----- Supplied material

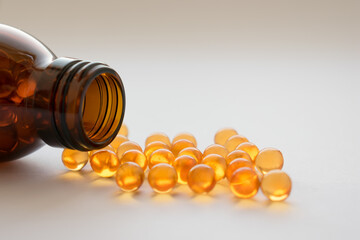 Omega 3 capsules with fish oil and bottle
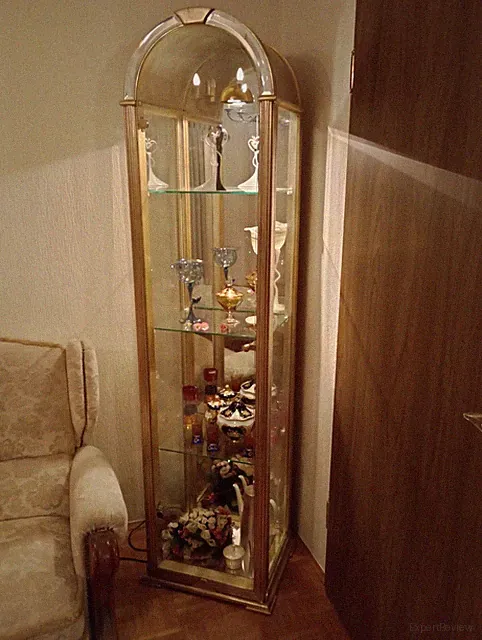 Glasvitrine mit goldfarbenem Korpus , Beleuchtung , und Spiegelrückwand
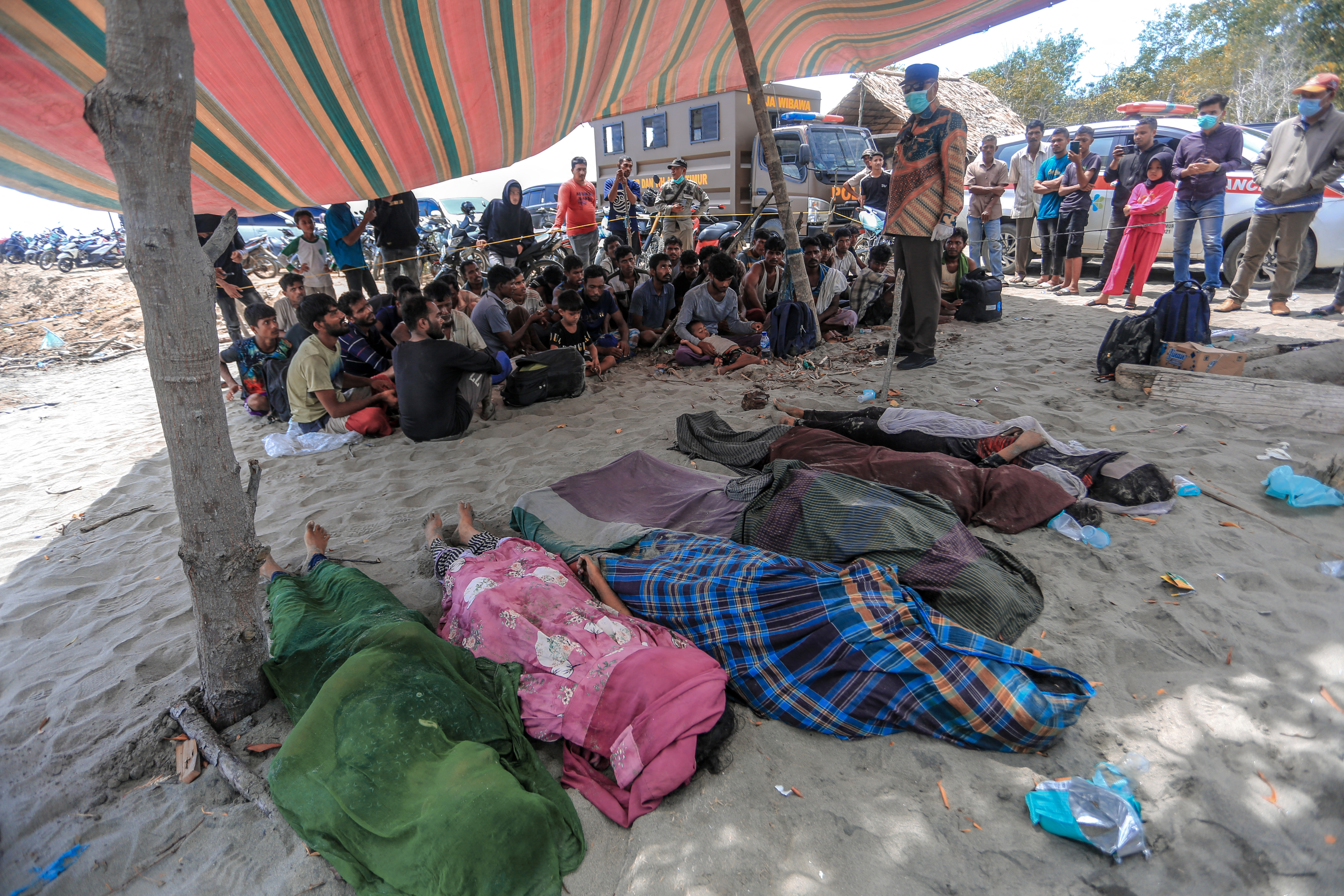 The bodies of Rohingya refugees are seen past surviving members of the persecuted minority, who were left stranded on the coast at Meunasah Asan village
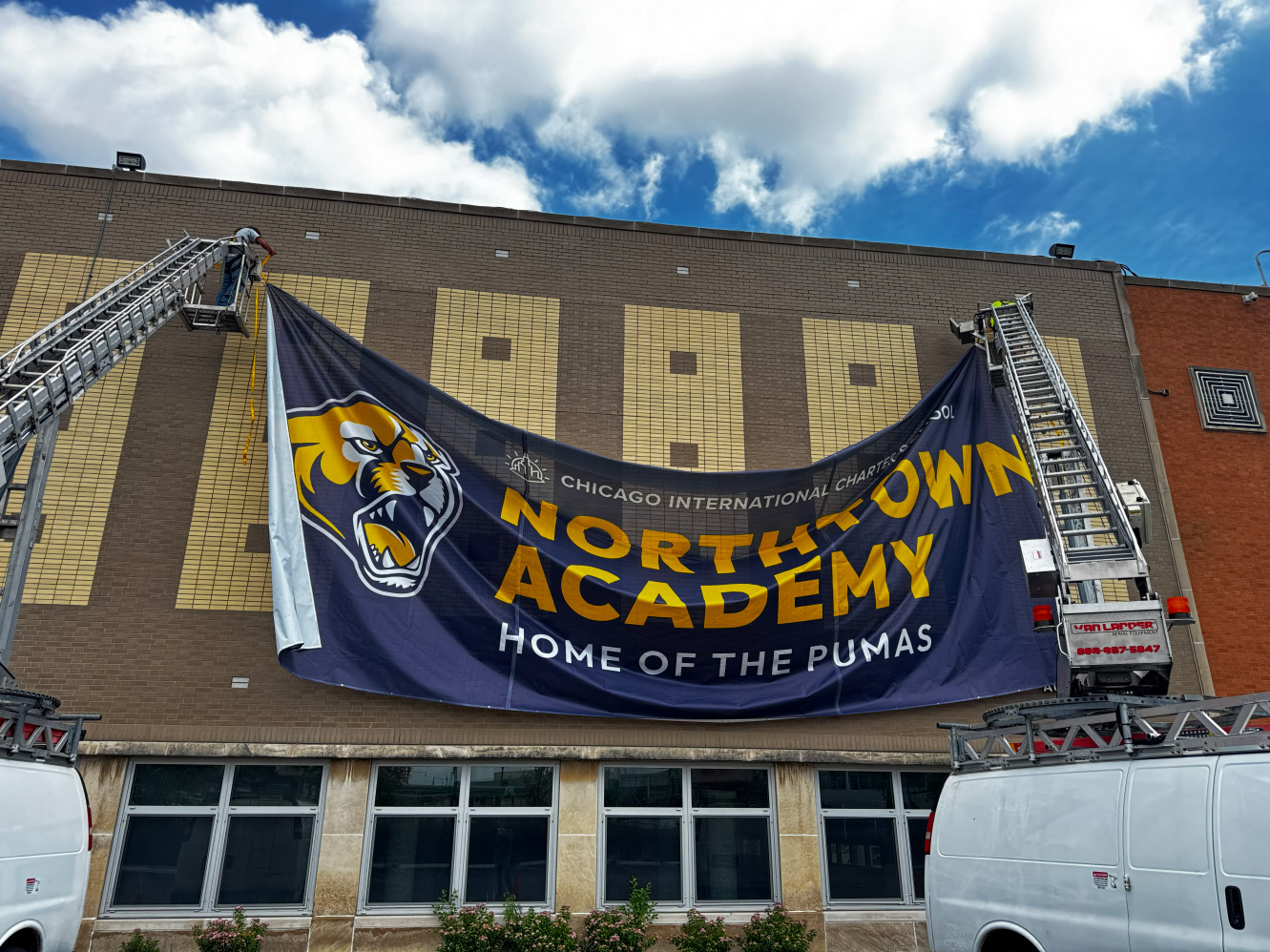 Workers hang a large Northtown Academy banner on a brick building using ladder trucks.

----------

Work item:
I would like the material repeated in full and exactly, with its images omitted.

Your solution:
 Omega 3 capsules with fish oil and bottle
 Glasvitrine mit goldfarbenem Korpus , Beleuchtung , und Spiegelrückwand
 The bodies of Rohingya refugees are seen past surviving members of the persecuted minority, who were left stranded on the coast at Meunasah Asan village
 Workers hang a large Northtown Academy banner on a brick building using ladder trucks.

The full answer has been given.